Rencontre Japon, Chine, Corée du Sud pour parler Corée du Nord

Chine, Japon et Corée du Sud se réunissent mercredi à Tokyo et chercheront un terrain d'entente dans l'intense activité diplomatique en cours sur la question nord-coréenne, dont les Japonais ont été largement exclus jusqu'à présent.

Ces pourparlers du Premier ministre Shinzo Abe avec le président sud-coréen Moon Jae-in et le Premier ministre chinois Li Keqiang sont les premiers depuis plus de deux ans.

Ils interviennent alors que le Japon s'efforce de se faire une place dans un ballet diplomatique qui a déjà donné lieu en six semaines à deux visites en Chine du dirigeant de la Corée du Nord Kim Jong Un, un sommet historique entre les deux Corées fin avril et devrait déboucher sur une rencontre non moins historique entre Kim Jong Un et le président américain Donald Trump le mois prochain.

Le secrétaire d'Etat américain Mike Pompeo est d'ailleurs arrivé mercredi à Pyongyang afin de caler ce rendez-vous historique.

Le Japon a la position la plus dure envers Pyongyang parmi ces trois pays et a longtemps appelé à "ne pas discuter pour discuter" avec le régime reclus, se retrouvant finalement dans une position de spectateur lorsque Washington et Séoul ont engagé un processus de négociations avec Kim Jong Un.

En annonçant la réunion tripartite, M. Abe a dit vouloir "discuter en profondeur de la manière d'engager la Corée du Nord sur le droit chemin, résoudre les questions des enlevés, des missiles et du nucléaire". Par "enlevés", M. Abe fait référence aux ressortissants japonais, dont des adolescents, kidnappés dans les années 1970 et 1980 par la Corée du Nord.

- Déclaration de Panmunjom -

"Le Japon pourrait simplement dire qu'il serait imprudent de s'enthousiasmer trop vite et de lever les sanctions" après l'annonce par la Corée du Nord de la fin des essais nucléaires et des tests de missiles intercontinentaux, estime Hajime Izumi, spécialiste de l'Asie du Nord-Est et de la Corée du Nord à la Tokyo International University. "La Chine et la Corée du Sud ne peuvent s'opposer frontalement à cela".

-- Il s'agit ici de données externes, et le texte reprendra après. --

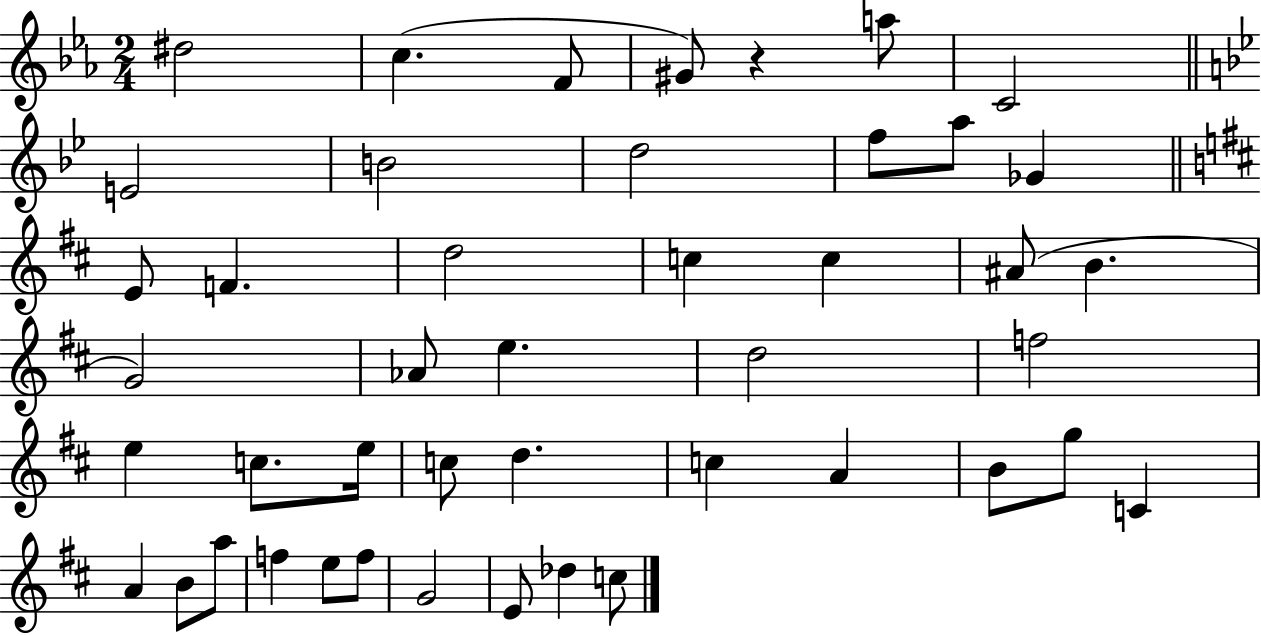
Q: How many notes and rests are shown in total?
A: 45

Dans un entretien publié mardi par le quotidien japonais Yomiuri Shimbun, M. Moon dit espérer "la coopération et le soutien actifs du Japon sur le futur chemin vers une paix permanente sur la péninsule ainsi qu'en faveur de la réussite du sommet entre les États-Unis et la Corée du Nord".

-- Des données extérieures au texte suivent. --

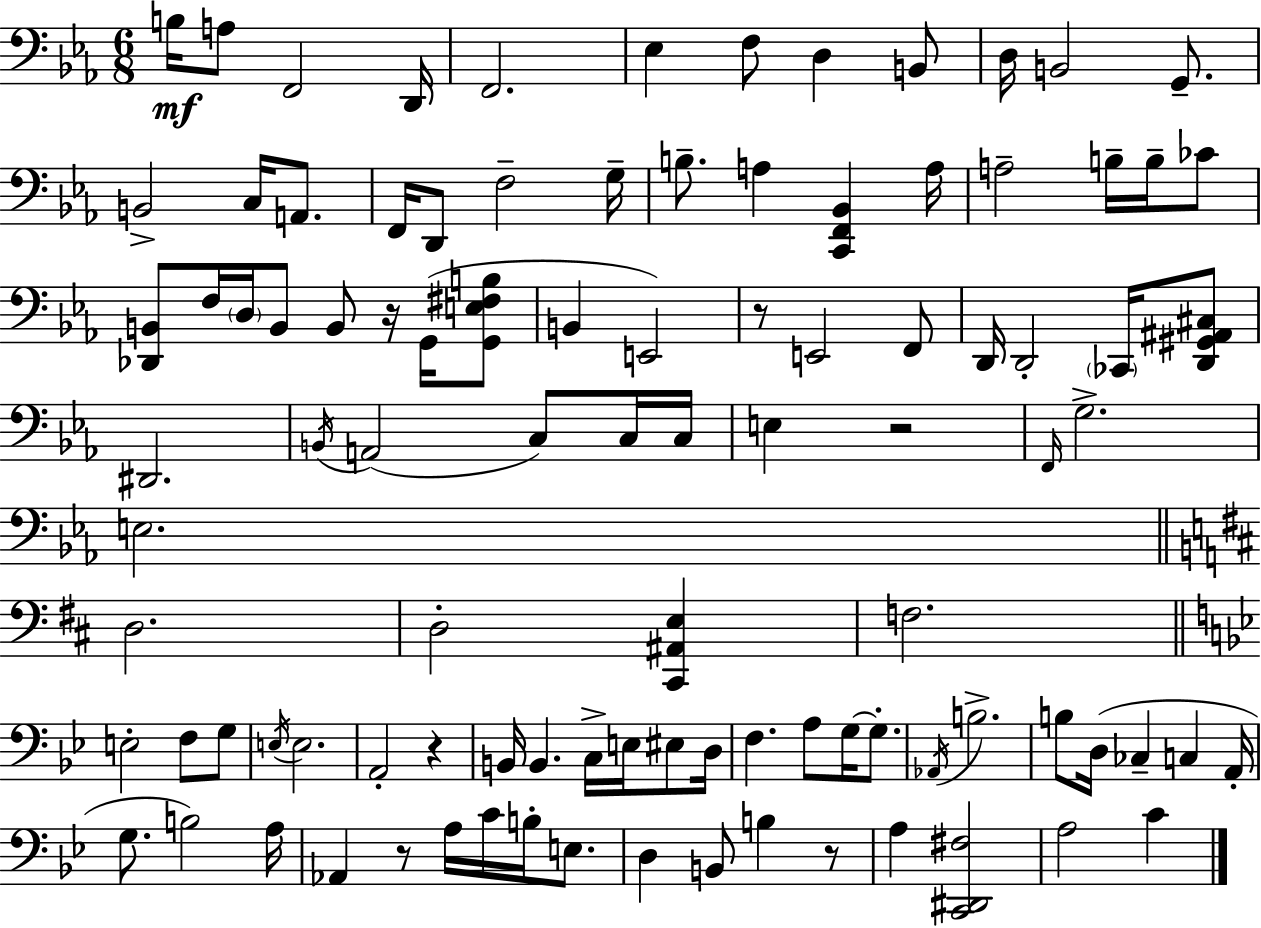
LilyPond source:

{
  \clef bass
  \numericTimeSignature
  \time 6/8
  \key ees \major
  b16\mf a8 f,2 d,16 | f,2. | ees4 f8 d4 b,8 | d16 b,2 g,8.-- | \break b,2-> c16 a,8. | f,16 d,8 f2-- g16-- | b8.-- a4 <c, f, bes,>4 a16 | a2-- b16-- b16-- ces'8 | \break <des, b,>8 f16 \parenthesize d16 b,8 b,8 r16 g,16( <g, e fis b>8 | b,4 e,2) | r8 e,2 f,8 | d,16 d,2-. \parenthesize ces,16 <d, gis, ais, cis>8 | \break dis,2. | \acciaccatura { b,16 }( a,2 c8) c16 | c16 e4 r2 | \grace { f,16 } g2.-> | \break e2. | \bar "||" \break \key d \major d2. | d2-. <cis, ais, e>4 | f2. | \bar "||" \break \key bes \major e2-. f8 g8 | \acciaccatura { e16 } e2. | a,2-. r4 | b,16 b,4. c16-> e16 eis8 | \break d16 f4. a8 g16~~ g8.-. | \acciaccatura { aes,16 } b2.-> | b8 d16( ces4-- c4 | a,16-. g8. b2) | \break a16 aes,4 r8 a16 c'16 b16-. e8. | d4 b,8 b4 | r8 a4 <c, dis, fis>2 | a2 c'4 | \break \bar "|."
}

La semaine dernière, les médias japonais rapportaient que Tokyo appellerait de nouveau à une dénucléarisation "complète, vérifiable et irréversible" de la Corée du Nord.

Mais Séoul juge préférable que les trois pays approuvent la Déclaration de Panmunjom signée fin avril à l'issue de leur rencontre par les dirigeants des deux Corées, selon un responsable de la présidence sud-coréenne.

Cette déclaration affirme qu'"il n'y aura plus de guerre sur la péninsule coréenne" et que "la Corée du Sud et la Corée du Nord confirment l'objectif commun d'obtenir, au moyen d'une dénucléarisation totale, une péninsule coréenne non nucléaire".

- Ibis nippon -

La rencontre de mercredi est la septième du genre depuis les débuts en 2008, mais il s'agit de la première visite d'un dirigeant sud-coréen au Japon en plus de six ans. M. Moon passera moins de huit heures sur le sol japonais.

Les relations du Japon avec ses voisins chinois et coréen du sud sont rendues difficiles par des différends territoriaux et par le poids de l'histoire de l'occupation japonaise en Corée de 1910 à 1945 et en Chine de 1932 à 1945.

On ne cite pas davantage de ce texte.